July 23, 2011
Parashat Matot, Numbers 30:2- 32:42
D'VAR TORAH
Vows that Restrict: Vows that Protect
Richard A. Block
As Numbers approaches its conclusion, Parashat Matot takes up the subject of “vows” that men or women may make and “obligations” they may assume. As one commentary explains, “The former represent a promise to do, the latter a promise to abstain” (The Torah: A Modern Commentary, Revised Edition, p. 1,100).1 Such promises were undertakings of utmost seriousness as they were made to God, rendering their fulfillment or the failure to fulfill them a matter of transcendent importance.
What is striking about this material to the modern reader is the disparate treatment of men and women with respect to these solemn commitments. When a man made a vow or took an oath, he was required to “carry out all that . . . crossed his lips” (Numbers 30:3). While women were empowered to make vows and oaths, these could be abrogated by the male authority figure in their lives if he renounced the commitment upon first learning of it. In the case of a minor, unmarried daughter still living “in her father’s household” (30:4), it was her father who held that power. Likewise, a husband could annul the vow or oath of a woman he marries “while her vow or the commitment to which she bound herself is still in force” or who makes such a promise after they marry. If the husband invalidates his wife’s vow or oath thereafter he, rather than she, bears the guilt attendant upon the annulment. Only the sacred undertakings of widows and divorcees, who had no male authority figure to whom they were subordinate, were held to be binding.
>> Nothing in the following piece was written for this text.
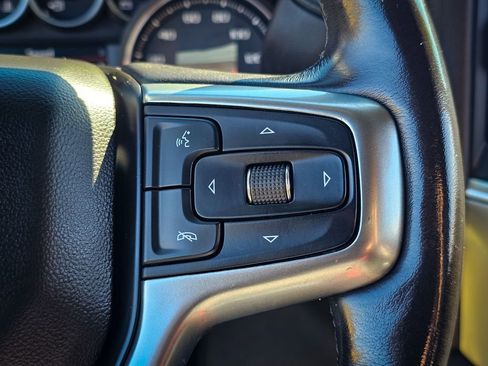 Used 2020 Chevrolet Silverado 1500 LT Trail Boss image 22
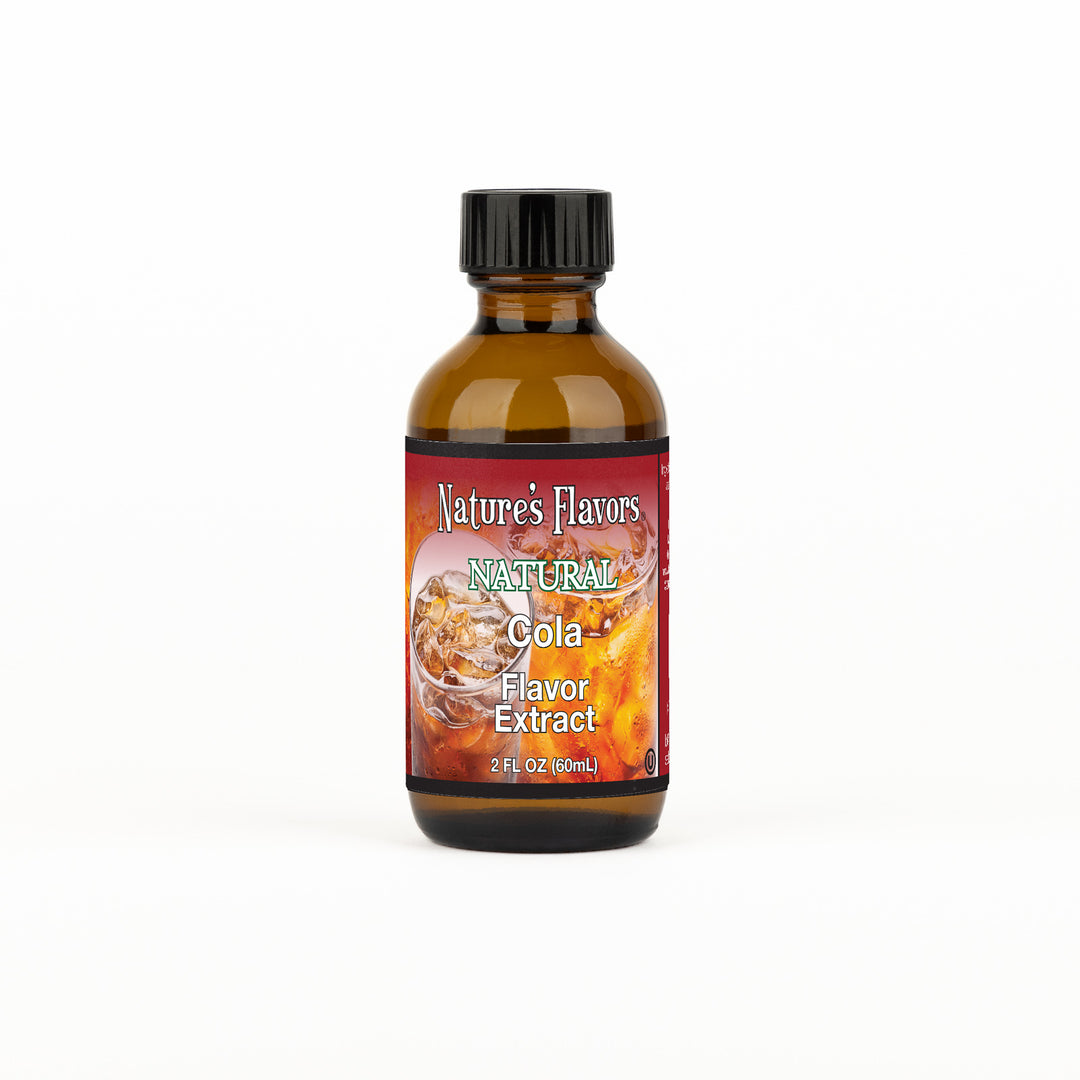 Cola Flavored Extract, Keto-Friendly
The disparity in treatment of men’s and women’s vows and oaths exemplifies the secondary legal and social status of females in biblical legislation, an inequality that persisted throughout the postbiblical and Rabbinic periods, and has yet to be fully eradicated even in our egalitarian era. From the perspective of modernity, no effort at apologetics can negate the injustice. That said, when we encounter a problematic biblical text, intellectual and moral honesty require that we contextualize the offending provisions. The subordination of women was universal in ancient times and it remains the norm in much of the world today. It hardly seems fair to judge the social structure of antiquity or the medieval period by contemporary standards. What strikes me as remarkable in the Jewish tradition’s treatment of women is not the inequalities but the instances of same treatment regardless of gender, and those that take a progressive approach to the needs and problems of women.